Lucara is working to achieve its targets as the global diamond industry continues to recover from the impact of a global financial crisis that sent the price of rough diamonds tumbling by as much as 60% in the first quarter of 2009.
Now that prices are trading at about 15% below the 2008 high, analysts and industry officials are hoping that an expanding middle class in countries like China and India will continue to boost demand.
China is currently the world’s second largest consumer (behind the U.S.A) and is expected to account for 16% of global demand by 2016, up from 8% in 2008, according to Des Kalilea, a diamond marketing analyst with RBC Capital Markets.
Speaking to the Mining Journal, Kalilea said he expects India’s share of global demand to rise to 11% from 7%. Meanwhile the U.S. is expected to see its share of global demand fall to 35% from 40%, Kalilea predicted.
“We are cautiously optimistic that the recovery will continue,’’ said Tom Ormsby, director of corporate communications for De Beers Canada. However, he said the near-term outlook will be influenced by consumption in the United States, which still accounts for about 40% of the downstream retail market.

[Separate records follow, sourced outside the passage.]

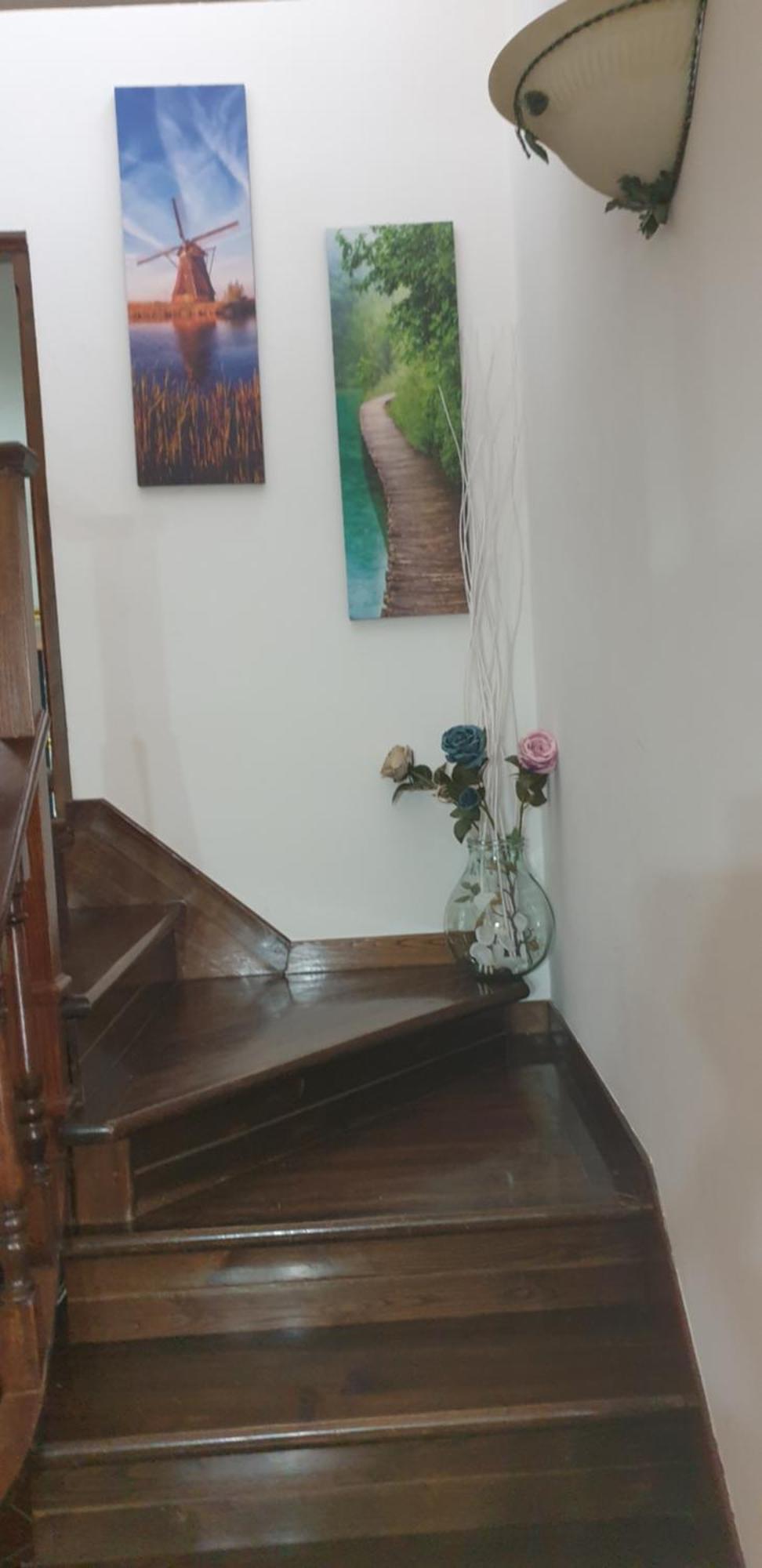 Casa Vacanze Lulu กาไมโยเร ภายนอก รูปภาพ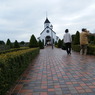 ローズマリー公園44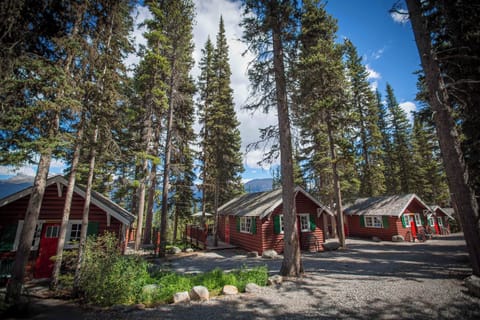 Set against a backdrop of majestic pines and crisp mountain air, these historic cabins provide a serene and unforgettable getaway.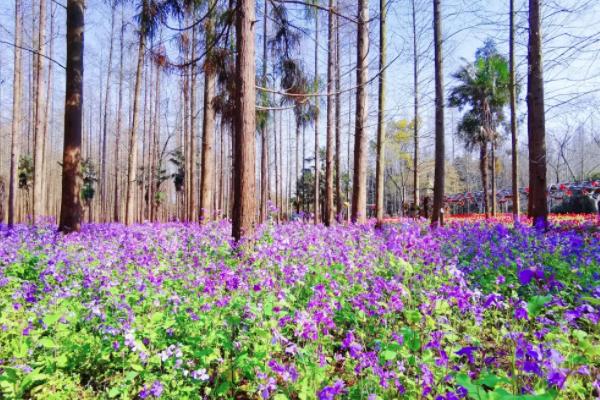 2021东平国家森林公园花博会开幕时间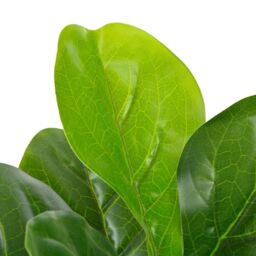 Berkfield Home Artificial Plant Fiddle Leaves with Pot Green 90 cm - thumbnail 2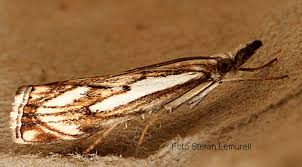 Attēlu rezultāti vaicājumam “Catoptria falsella”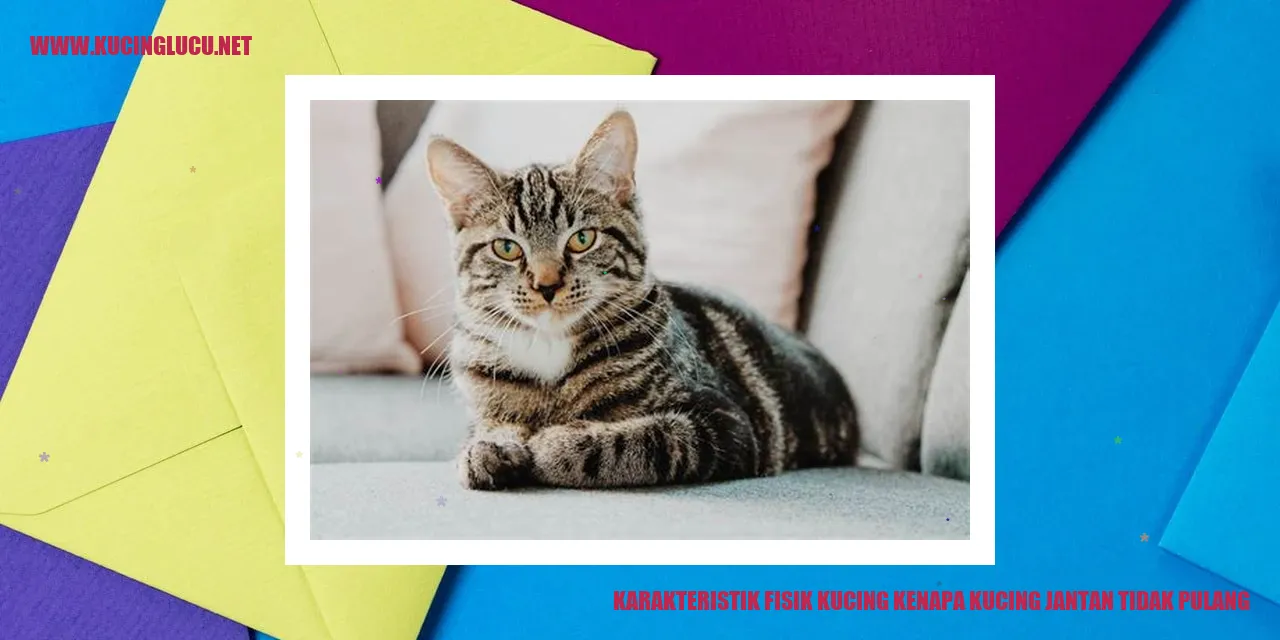 Karakteristik Fisik Kucing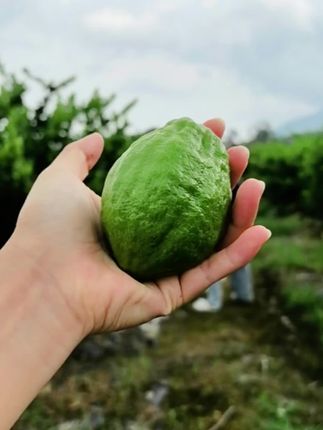 兰兰亲妈过来就是一顿指责#记录生活 #家庭矛盾 #护肤分享 #贵妇膏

Lamb believes rising consumption in China will be driven by efforts there to boost the ranks of the middle class, by closing the gap between rich and poor. “If China continues to grow, it continues to have significant positive aspects for the diamond industry,” he said.
William Lamb Bio
Born in South Africa, Lamb has over 16 years experience in the mining operations and project development industry. After starting his career with Rand Mines, he worked in the research laboratories of De Beers before moving to Canada in 2002. He completed an MBA through the Edinburgh Business School.